IMPACT OF THE TRADE WAR ON BUSINESSES: UNDERSTANDING AND MITIGATING RISKS

The ripple effects of the trade war initiated by the US are far-reaching, carrying consequences that cut across jurisdictions and sectors – even those not directly affected are feeling the macro effects.

Businesses are wise to consider the implications of the trade war, whether from the immediate effects of changes to applicable tariffs themselves or the knock-on effects and uncertainty caused by the stop and go approach taken by the US in changing its tariff regime and the retaliatory measures of other countries. Changes such as increases in the cost of doing business, supply chain disruption and political and economic uncertainty increase the risks faced by businesses engaged in international trade.

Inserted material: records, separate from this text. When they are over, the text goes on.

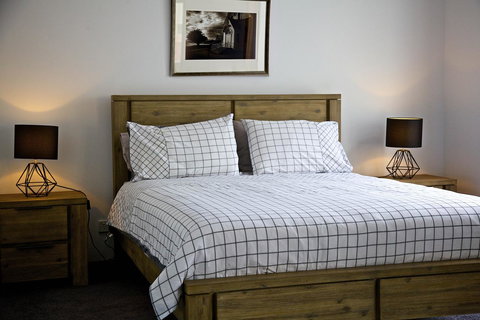 Penguin Beachfront Apartments - Accommodation Main Beach 25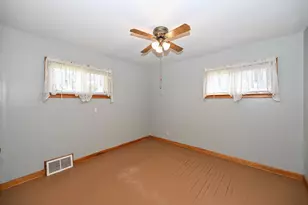 4164 S 4th St, Milwaukee, WI 53207 - Photo 15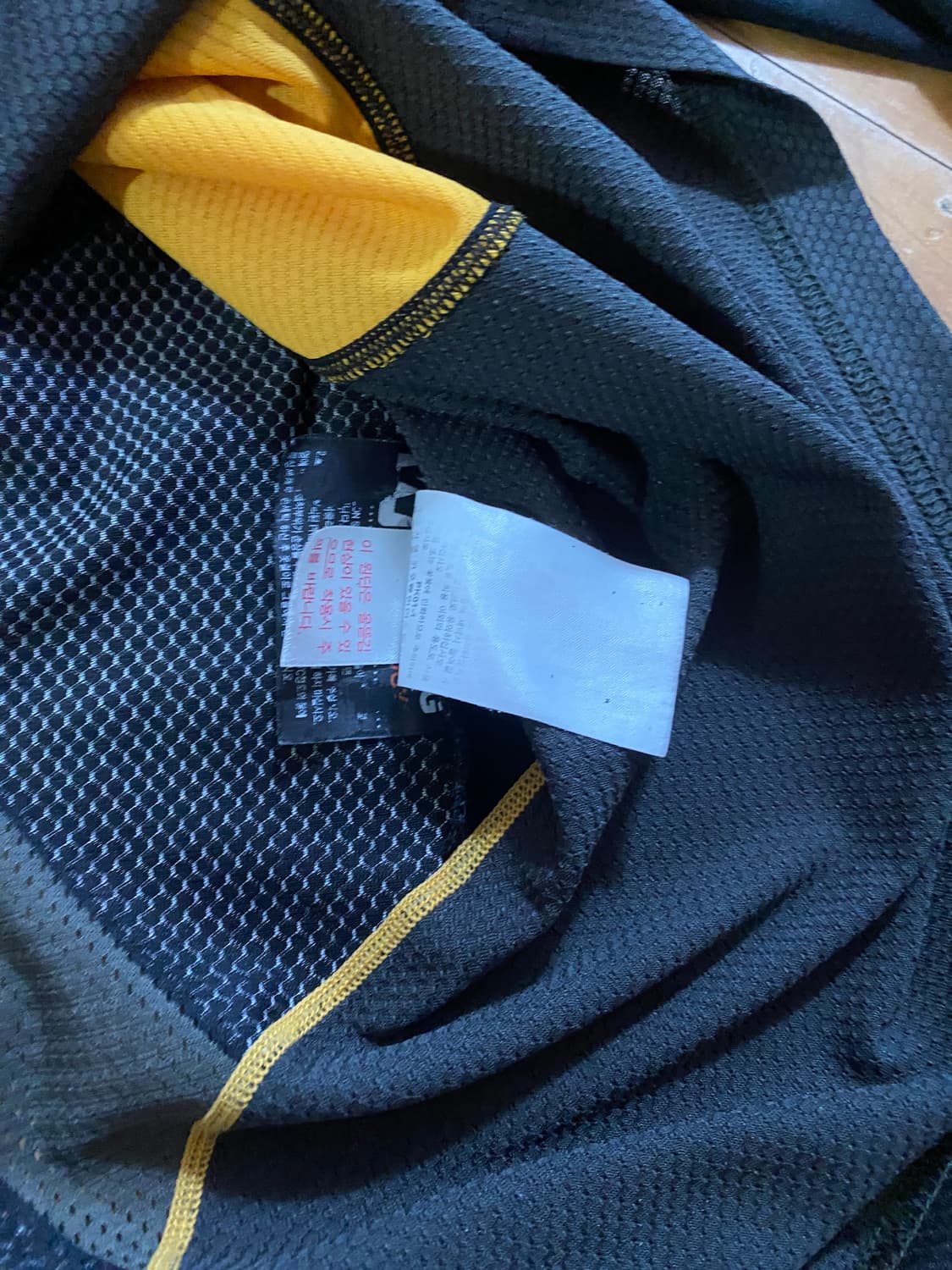 코오롱스포츠 옐로우/블랙 집업 티셔츠 105 상품이미지5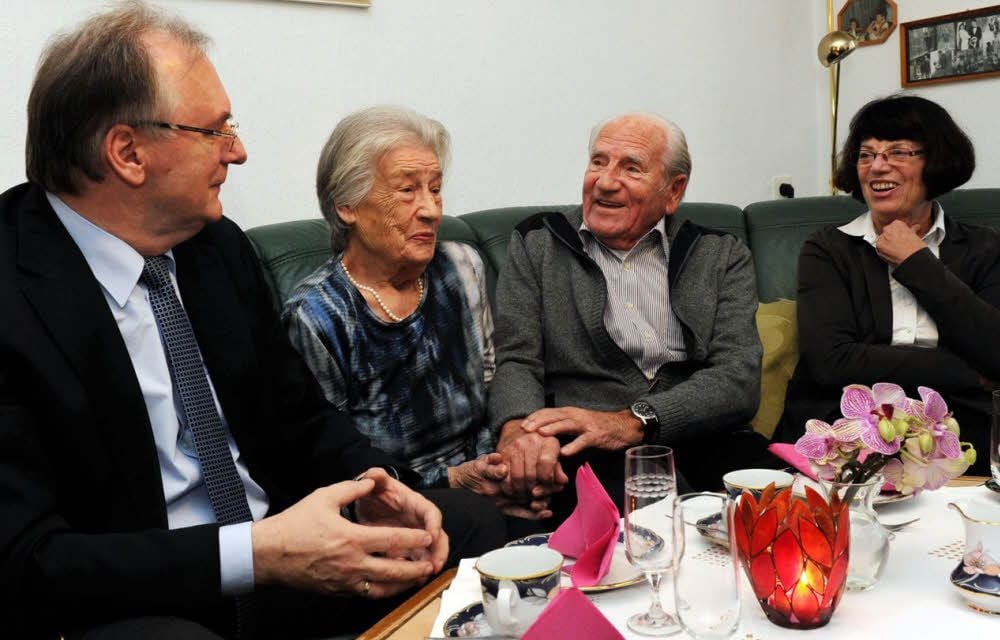 Anni und Kurt Frydrychowski plaudern in lockerer Runde mit Regierungschef Haseloff (l.) und Landrätin Klein.
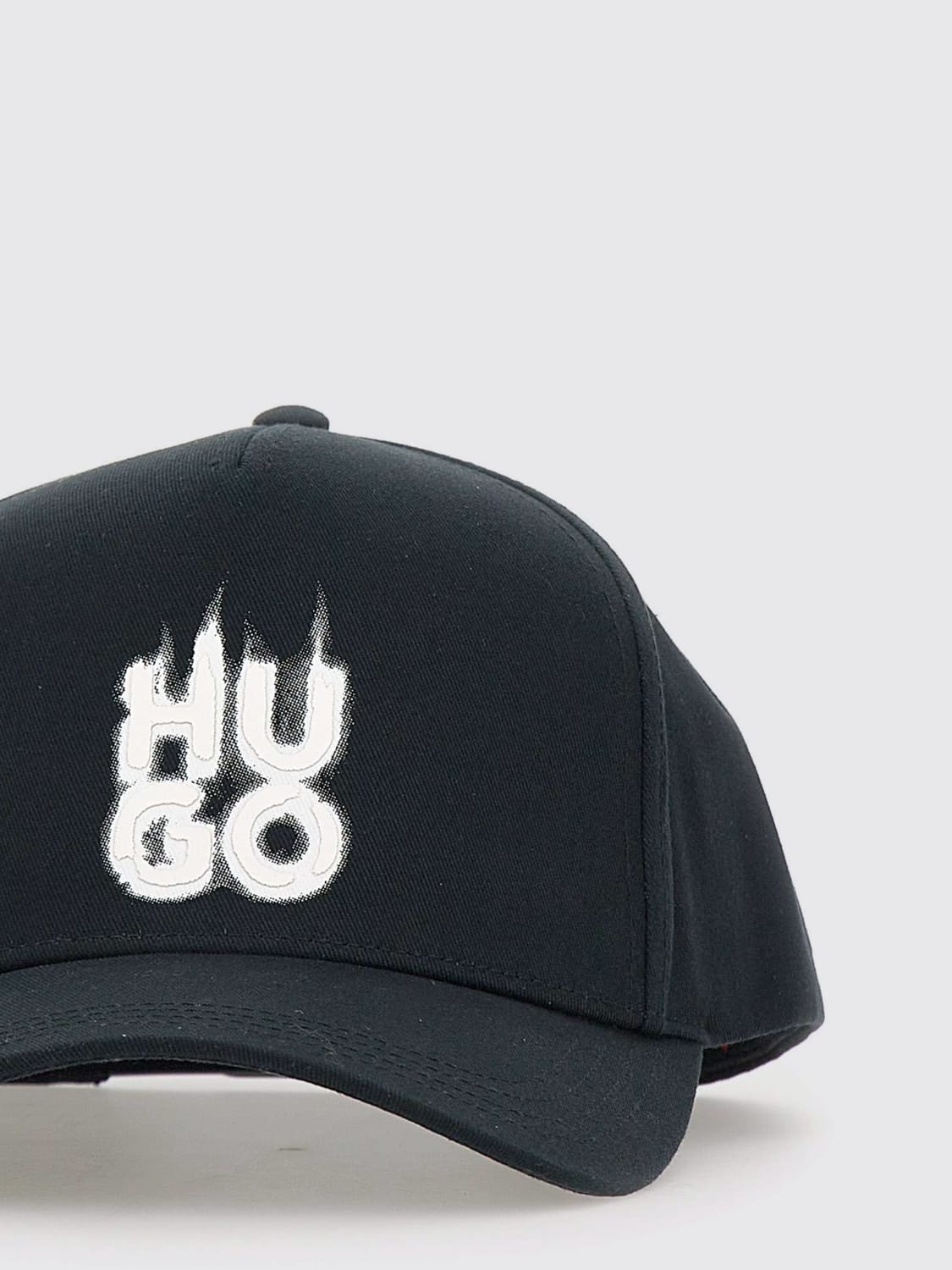 Hat men Hugo - 2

Businesses looking to proactively manage the array of risks posed by the trade war should consider their exposure and opportunities holistically. In addition to exploring trade-law remedies, that involves considering solutions available through international investment law. Businesses should also examine existing commercial contracts for key provisions that may be relied upon to manage new risks and negotiate commercial contracts with these new commercial realities in mind.

On the contract side, the key contractual clauses to focus on are those that are most likely to be relied upon to manage the risks and increased costs created by the recent trade measures. These are the clauses that businesses or their counterparties are most likely to try to rely on to terminate contracts, excuse non-performance or seek relief from the impacts of trade-related pressures.